### Input data ###

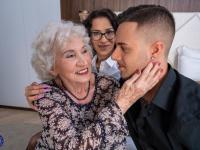 Kinky granny takes part in a threesome with a younger couple - Photo #3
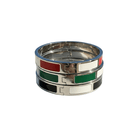 Stack of colorful metal bracelets on a white background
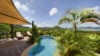 Tropical pool surrounded by palm trees with ocean view at Villa Plumbago, Colombier, vacation rentals St Barts.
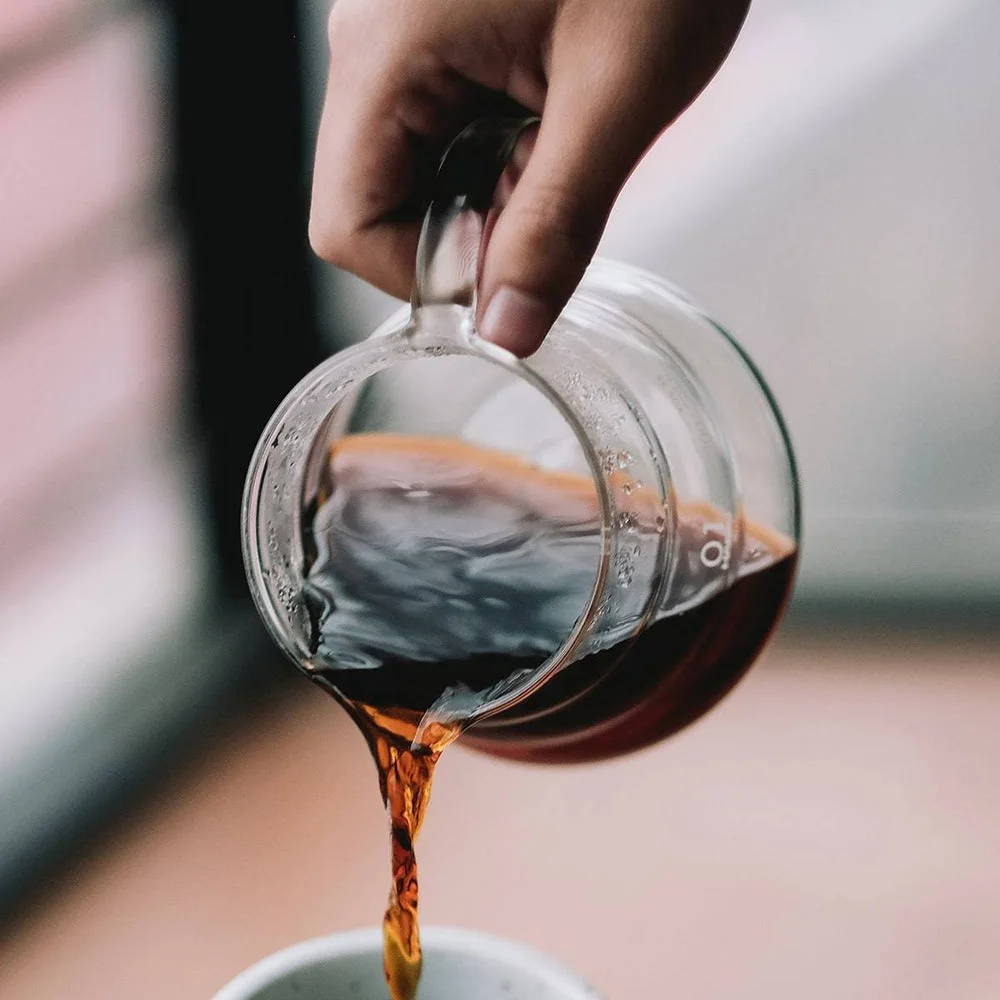 The server pours a prepared brew into a separate drinking glass.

###

Goal of the exercise - Output the whole listing again, exactly, without its pictures.

Output -
 Kinky granny takes part in a threesome with a younger couple - Photo #3
 Stack of colorful metal bracelets on a white background
 Tropical pool surrounded by palm trees with ocean view at Villa Plumbago, Colombier, vacation rentals St Barts.
 The server pours a prepared brew into a separate drinking glass.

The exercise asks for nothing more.